Misconceptions about oral contraceptives, the vaginal ring, and the transdermal patch can deprive patients of their full benefits.
Felicia Rodriquez, single and 24 years old, has been sexually active since she was 17. At age 16, her mother told her sex and contraception were "too dangerous for a young girl" and that the Pill would keep her from being able to get pregnant when she "grew up." With that fear in mind, it's not surprising to find that Felicia became pregnant and had an abortion at 17. She then decided to use condoms, which apparently didn't work out too well because she subsequently had several pregnancy scares and used emergency contraception once; she has had no live births.

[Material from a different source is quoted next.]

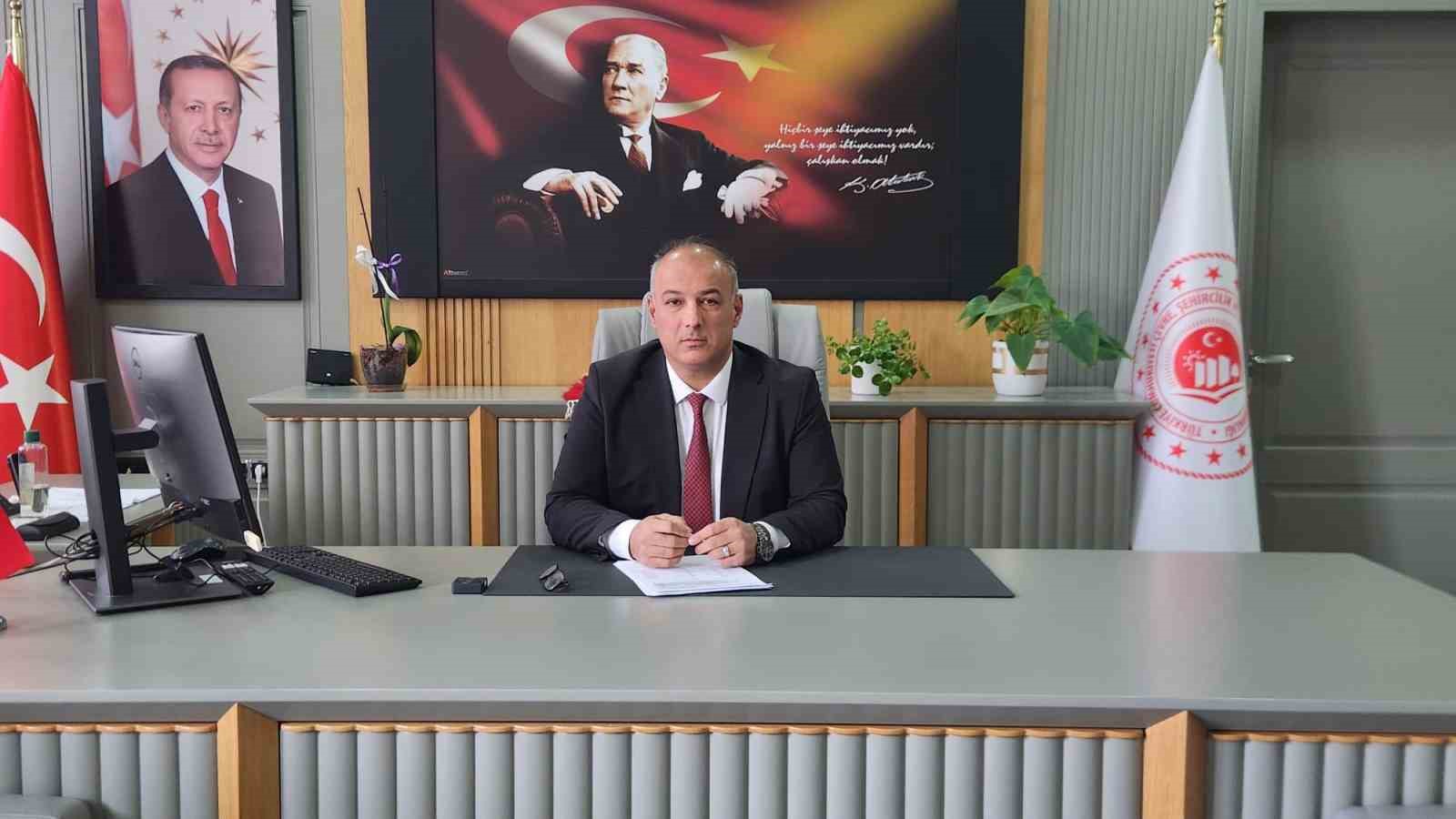 tuncelide deprem sonrasi konut sureci hiz kazandi 7 dNFPTUEL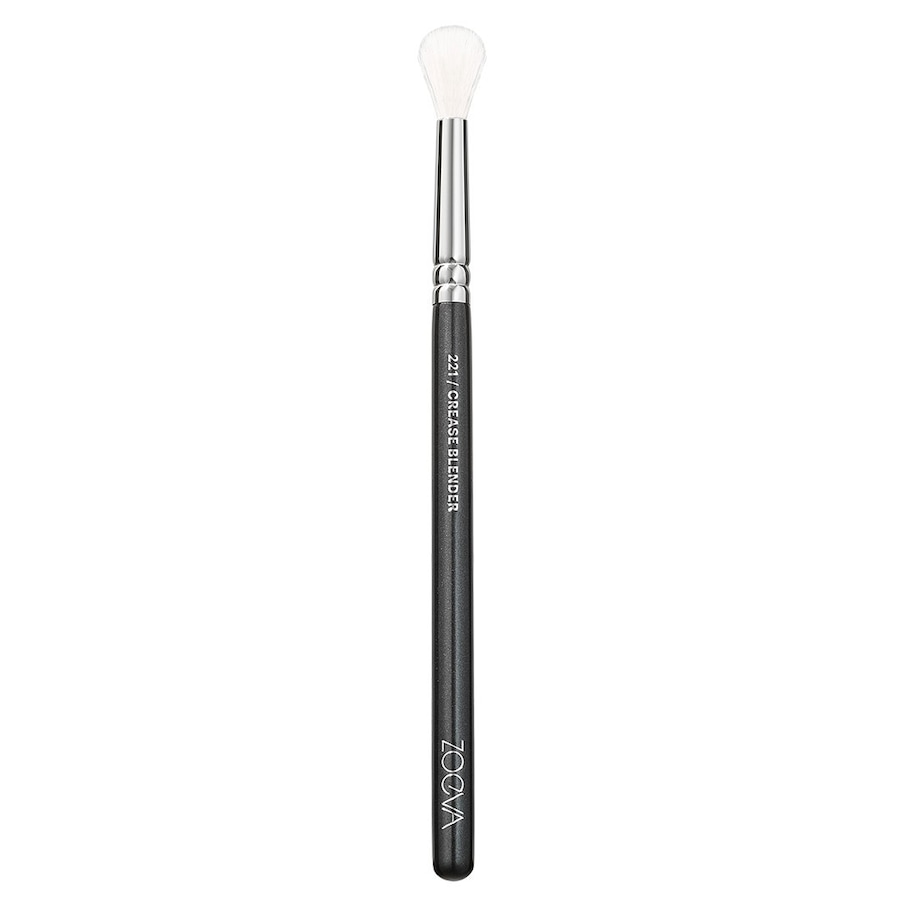 ZOEVA ZOEVA 221 Crease Blender lidschattenpinsel 1.0 pieces ZOEVA ZOEVA 221 Crease Blender lidschattenpinsel 1.0 pieces von ZOEVA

At a community health center, she was prescribed a combined OC, but "forgot them all the time," so she switched to the transdermal contraceptive patch at age 22. Last year, she started smoking cigarettes, which prompted her new primary care physician (PCP) to take her off the patch based on concerns that it was too dangerous for smokers. Unfortunately, the PCP would not consider intrauterine contraception because she also considered it too dangerous for a nulliparous patient, or depot medroxyprogesterone acetate, because it might cause bone loss, especially in a patient like Felicia, who didn't like milk. Similarly, her physician did not suggest a contraceptive implant, stating that it was "too dangerous until we know more about it." Felicia doubted she could remember to take OCs, and left the PCP's office saying she was "pretty sure" her boyfriend "will start using condoms."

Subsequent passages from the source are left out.